(What you will do): Without including the pictures, copy out every line below.
** Opening Data to process block **
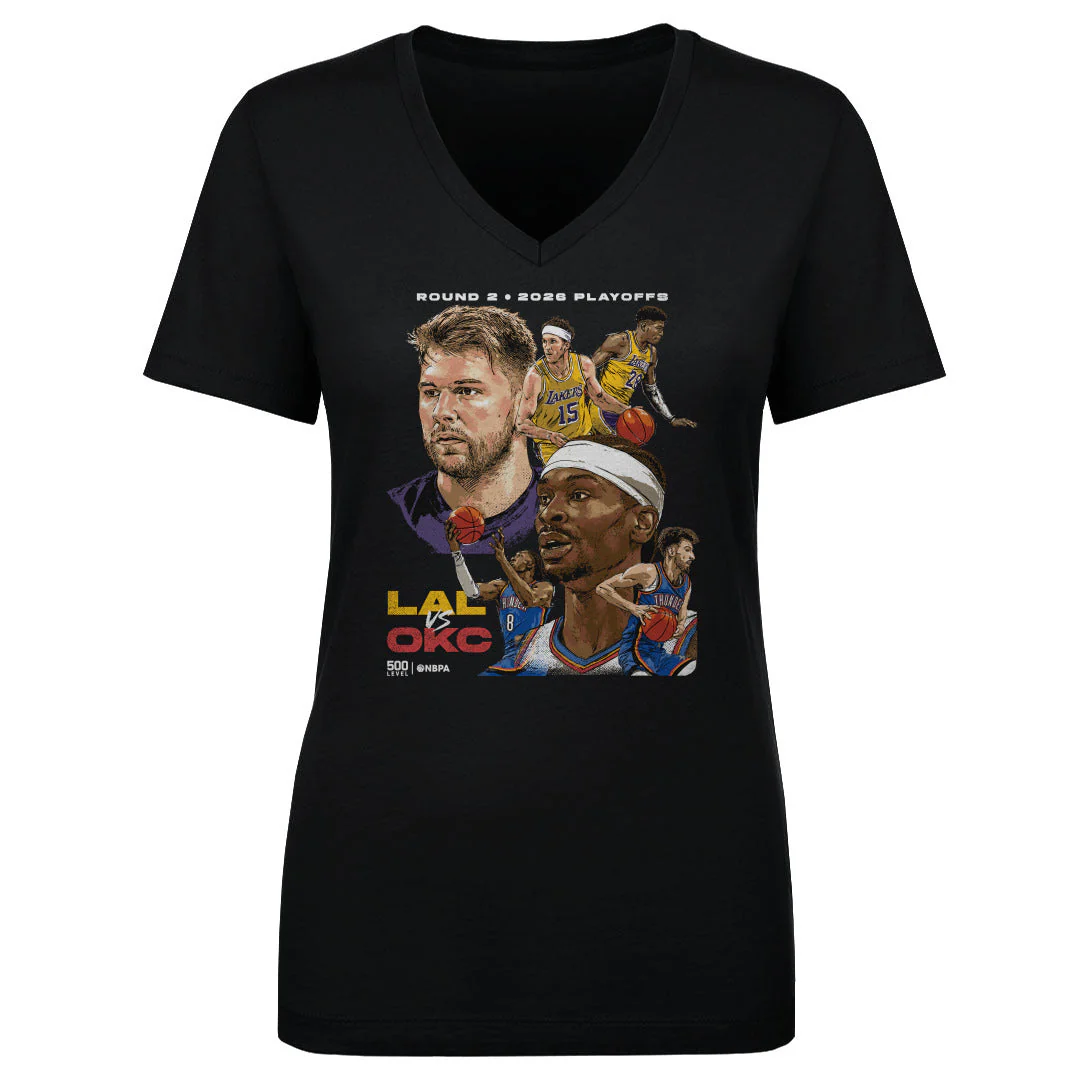 2026 NBA Playoffs Los Angeles Lakers Vs. Oklahoma City Thunder WHT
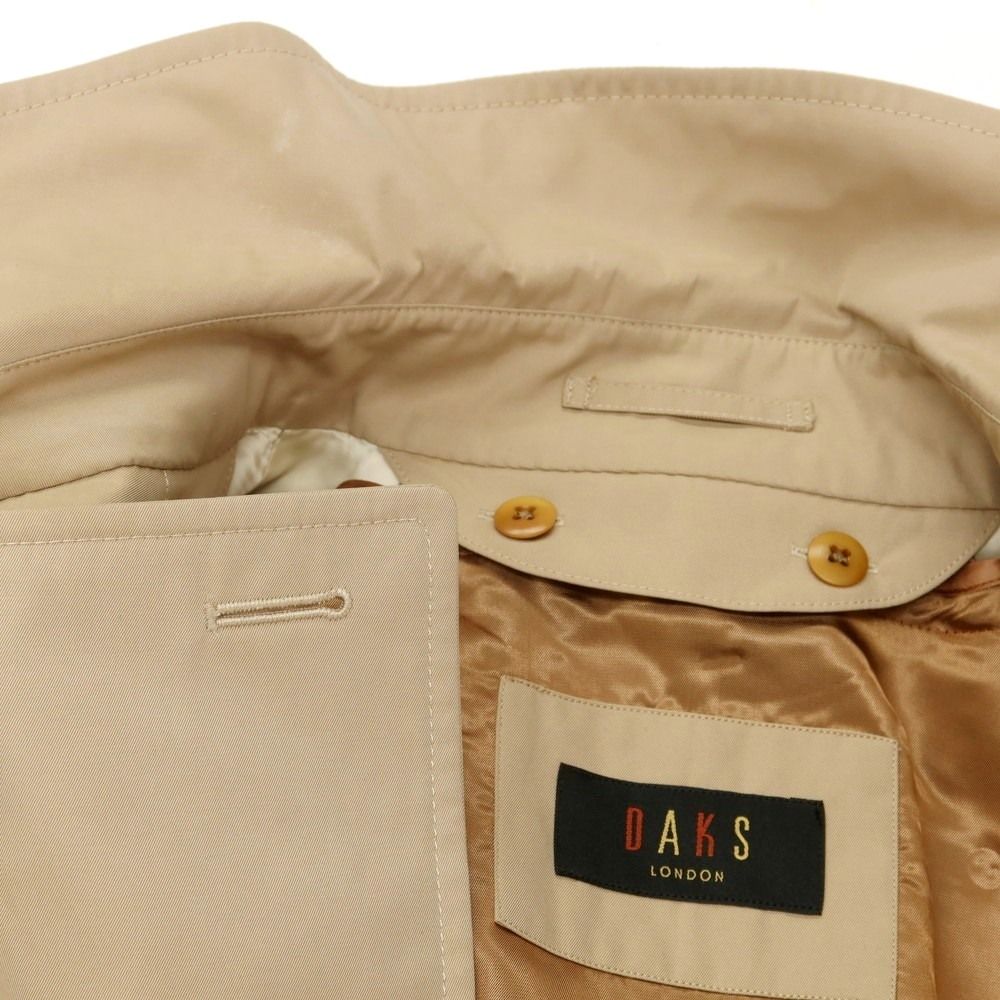 トレンチコート ベージュ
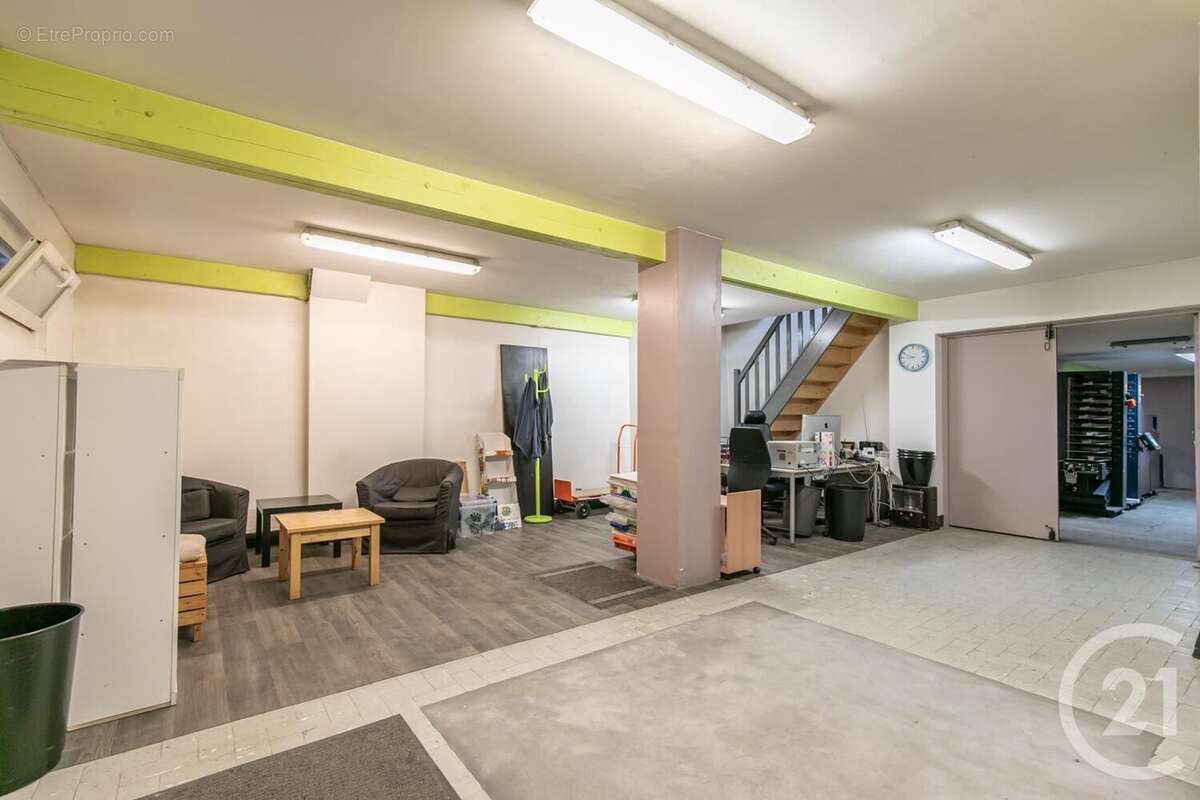 Maison à SAINT-MAUR-DES-FOSSES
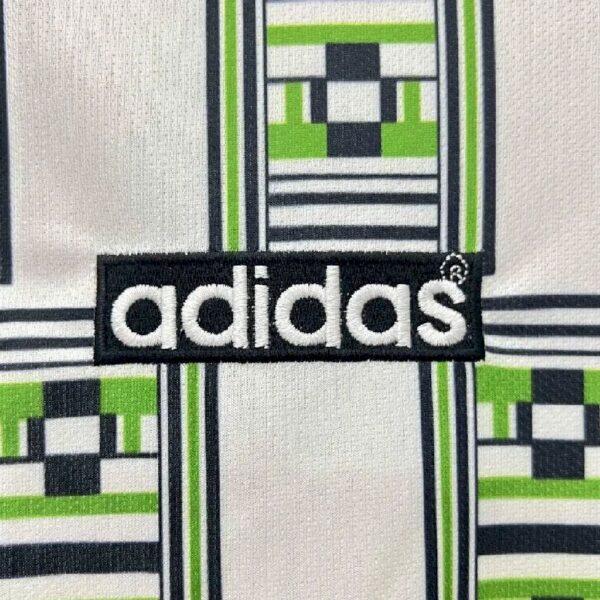 Nigeria 1994 Away World Cup Retro Jersey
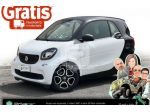 smart fortwo 70 1.0 Automatic Passion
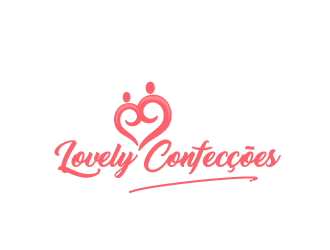 Lovely Confecções logo design by tec343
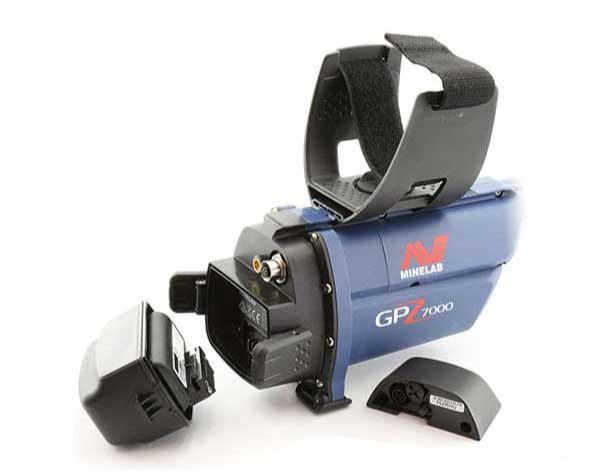 تعمیرگاه فلزیاب جی پی زد7000 در ایران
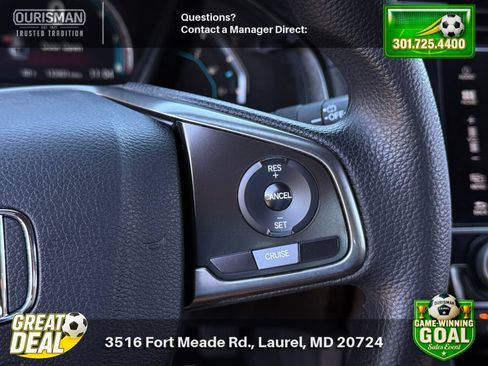 Used 2017 Honda Civic EX image 29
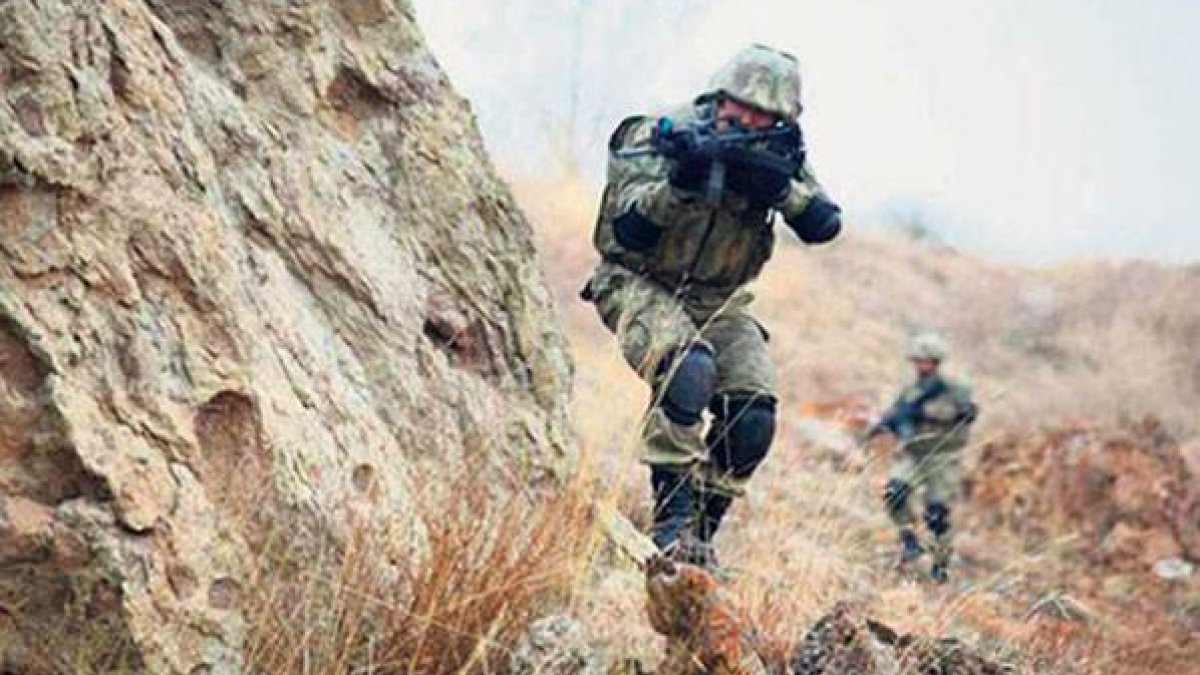 Turkey neutralizes 3 PKK terrorists in northern Iraq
** Closing Data to process block **
(Response):
 2026 NBA Playoffs Los Angeles Lakers Vs. Oklahoma City Thunder WHT
 トレンチコート ベージュ
 Maison à SAINT-MAUR-DES-FOSSES
 Nigeria 1994 Away World Cup Retro Jersey
 smart fortwo 70 1.0 Automatic Passion
 Lovely Confecções logo design by tec343
 تعمیرگاه فلزیاب جی پی زد7000 در ایران
 Used 2017 Honda Civic EX image 29
 Turkey neutralizes 3 PKK terrorists in northern Iraq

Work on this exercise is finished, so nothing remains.